The biggest factor in the success or failure of Site Management Technology is the end-user. Your frontline workers, administrative employees and managers have to buy into the change. They have to want to make it work. The worst-case scenario for any business enterprise is one where workers avoid and actively work against the use of technology. It is counterproductive and can create bottlenecks and other major problems. To prevent this have managers, frontline workers, and employees from every level involved in the trials and decision-making process. Training lower-level staff to understand wider business implications behind the innovation and communicating that increased productivity means increased revenues and profit margins can be highly beneficial. The goal not to be inundated with conflicting opinions. Choose a process through which to receive employee feedback such as your evaluation criteria where employees can rate features and ask questions pertinent to their daily tasks. Valuable questions and business intelligence can arise from multidisciplinary employees pointing out aspects of the business or technology not previously thought of. Involving decision-makers at different levels of your business will influence coworkers and make the transition easier. Be prepared for the fact that humans are naturally averse to change and initially there will be an adjustment period. Just consider the resistance emails faced when faxing was the norm. Training will be required for the technology to be utilised fully. Everyone should ideally be using the technology in the same way to maximise its benefits. Take all these factors into consideration when briefing employees. Remember communication and collaboration at the onset will be very valuable in the long run. Communicate the benefits to your employees. For example, the amount of time spent searching for information will be resolved instantly by having a unified system where there is instant access to information.

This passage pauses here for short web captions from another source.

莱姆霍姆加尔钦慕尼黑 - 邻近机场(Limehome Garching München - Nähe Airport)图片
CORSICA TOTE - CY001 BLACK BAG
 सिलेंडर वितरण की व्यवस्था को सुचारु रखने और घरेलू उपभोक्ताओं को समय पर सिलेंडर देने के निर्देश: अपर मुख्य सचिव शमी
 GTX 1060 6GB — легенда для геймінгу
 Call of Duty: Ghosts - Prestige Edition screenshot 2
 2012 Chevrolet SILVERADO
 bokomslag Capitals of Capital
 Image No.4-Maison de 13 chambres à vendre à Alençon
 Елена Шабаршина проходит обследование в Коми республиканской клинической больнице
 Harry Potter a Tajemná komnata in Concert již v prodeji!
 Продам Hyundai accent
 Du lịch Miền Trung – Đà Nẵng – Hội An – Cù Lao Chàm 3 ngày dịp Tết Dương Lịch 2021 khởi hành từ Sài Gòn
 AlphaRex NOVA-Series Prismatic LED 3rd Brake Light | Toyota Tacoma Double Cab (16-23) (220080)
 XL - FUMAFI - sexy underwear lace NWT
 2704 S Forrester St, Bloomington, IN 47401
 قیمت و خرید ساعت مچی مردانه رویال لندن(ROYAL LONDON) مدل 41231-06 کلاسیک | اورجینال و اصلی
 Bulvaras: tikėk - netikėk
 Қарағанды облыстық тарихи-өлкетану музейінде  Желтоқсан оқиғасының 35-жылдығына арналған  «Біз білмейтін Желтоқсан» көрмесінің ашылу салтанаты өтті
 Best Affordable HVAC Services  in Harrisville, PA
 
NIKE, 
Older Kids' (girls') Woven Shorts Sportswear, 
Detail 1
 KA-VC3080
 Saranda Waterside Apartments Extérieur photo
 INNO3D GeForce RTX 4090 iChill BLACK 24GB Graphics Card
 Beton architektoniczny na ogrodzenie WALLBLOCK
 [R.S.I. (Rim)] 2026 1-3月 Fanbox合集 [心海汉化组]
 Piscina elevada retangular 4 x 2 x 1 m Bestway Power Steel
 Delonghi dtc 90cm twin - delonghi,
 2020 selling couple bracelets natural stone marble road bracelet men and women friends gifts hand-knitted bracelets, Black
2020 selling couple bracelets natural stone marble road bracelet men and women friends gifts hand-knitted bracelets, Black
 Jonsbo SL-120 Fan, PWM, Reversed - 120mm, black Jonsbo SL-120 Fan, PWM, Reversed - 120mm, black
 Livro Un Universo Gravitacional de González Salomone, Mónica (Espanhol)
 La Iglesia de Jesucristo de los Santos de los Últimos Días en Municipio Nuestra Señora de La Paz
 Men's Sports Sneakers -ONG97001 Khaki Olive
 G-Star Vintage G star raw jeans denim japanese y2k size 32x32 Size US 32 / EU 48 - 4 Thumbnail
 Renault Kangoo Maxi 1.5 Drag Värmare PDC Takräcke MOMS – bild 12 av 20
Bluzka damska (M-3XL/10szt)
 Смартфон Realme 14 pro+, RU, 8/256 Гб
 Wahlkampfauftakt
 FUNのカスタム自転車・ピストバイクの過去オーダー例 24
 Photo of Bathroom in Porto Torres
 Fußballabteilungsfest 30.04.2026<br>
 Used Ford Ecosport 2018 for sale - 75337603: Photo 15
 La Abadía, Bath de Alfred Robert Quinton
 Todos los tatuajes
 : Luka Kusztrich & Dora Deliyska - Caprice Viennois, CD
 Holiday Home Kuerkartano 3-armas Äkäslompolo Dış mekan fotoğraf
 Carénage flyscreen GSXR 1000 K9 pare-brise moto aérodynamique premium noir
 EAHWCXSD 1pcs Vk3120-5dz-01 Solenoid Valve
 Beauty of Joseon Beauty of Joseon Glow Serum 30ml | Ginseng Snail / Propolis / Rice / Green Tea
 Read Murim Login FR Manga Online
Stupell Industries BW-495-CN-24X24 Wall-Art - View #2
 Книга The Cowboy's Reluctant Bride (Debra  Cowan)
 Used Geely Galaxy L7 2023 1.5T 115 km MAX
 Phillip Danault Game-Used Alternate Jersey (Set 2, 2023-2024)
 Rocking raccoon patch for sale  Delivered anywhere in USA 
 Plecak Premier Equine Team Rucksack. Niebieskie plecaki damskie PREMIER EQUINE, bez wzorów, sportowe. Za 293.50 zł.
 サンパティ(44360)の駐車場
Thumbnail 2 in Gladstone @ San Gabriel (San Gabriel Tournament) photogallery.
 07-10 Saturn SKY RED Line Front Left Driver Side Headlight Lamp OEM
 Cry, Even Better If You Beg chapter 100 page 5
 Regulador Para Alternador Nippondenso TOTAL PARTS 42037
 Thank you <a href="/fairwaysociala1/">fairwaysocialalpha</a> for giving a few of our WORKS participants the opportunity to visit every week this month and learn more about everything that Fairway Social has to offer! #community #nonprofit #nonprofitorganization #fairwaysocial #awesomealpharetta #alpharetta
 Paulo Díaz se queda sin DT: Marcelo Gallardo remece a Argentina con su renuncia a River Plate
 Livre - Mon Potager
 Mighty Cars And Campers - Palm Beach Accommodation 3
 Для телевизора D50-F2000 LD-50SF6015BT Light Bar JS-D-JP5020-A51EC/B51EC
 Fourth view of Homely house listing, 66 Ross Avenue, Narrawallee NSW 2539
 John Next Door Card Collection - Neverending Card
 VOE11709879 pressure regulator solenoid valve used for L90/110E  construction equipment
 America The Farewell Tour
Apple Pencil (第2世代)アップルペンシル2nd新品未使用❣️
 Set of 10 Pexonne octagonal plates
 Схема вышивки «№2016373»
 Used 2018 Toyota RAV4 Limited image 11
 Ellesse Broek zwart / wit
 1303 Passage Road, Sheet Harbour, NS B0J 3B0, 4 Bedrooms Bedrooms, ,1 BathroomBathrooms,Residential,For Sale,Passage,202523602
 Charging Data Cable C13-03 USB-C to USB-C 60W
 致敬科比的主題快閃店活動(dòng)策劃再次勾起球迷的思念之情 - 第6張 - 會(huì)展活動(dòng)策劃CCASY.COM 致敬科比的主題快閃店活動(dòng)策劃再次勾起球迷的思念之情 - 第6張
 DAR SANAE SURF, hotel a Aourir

  • Your Quick Reference Checklist:

Keeping things simple helps to focus efforts. The process is to analyse your business, research your options, consider your budget, get feedback from industry peers, involve your workforce, and manage the change.

Let’s look at some key questions:

  • Will it reduce time and workload?
  • Will it integrate processes and systems into one platform?
  • Does it eliminate the need for paper methods?
  • How user friendly is setting up a new project, or budget estimates?
  • Is there a clear follow-through from the project beginning to end?
  • Will it increase transparency, keep records and track responsibilities in real-time?
  • Will it allow everyone instant access to the same information?
  • Will it create collaboration across the entire project workforce?
  • Is the technology integrated enough for an easy flow of information between site workers, finance, managers, and all other project members?
  • Can construction data be stored, achieved, imaged and managed?
  • Is it overall user friendly and easy to understand?
  • What are the data storage capabilities like?
  • What training and onboarding are needed?
  • What are the available languages?
  • Does it give useful and complete construction business intelligence to end-users?
  • Is there comprehensive support from the technology supplier?
  • Are forms and documents easily generated?
  • Can the technology be scaled to include more or fewer employees?

Conclusion

Ultimately the cornerstones of construction have to work together finance, operations, and reporting. When these elements communicate smoothly productivity increases and so does profit margins. In the end, networking with your peers to discuss their experiences remains invaluable to gaining the benefit of their experiences. Establishing a good relationship with the technology supplier is crucial to maintaining long-term value. Go with your gut instinct about what will be the right fit for your business but always support your decisions with data and employee feedback. Having properly prepared will safeguard you against misalignment thereafter only trials will solidify your choice.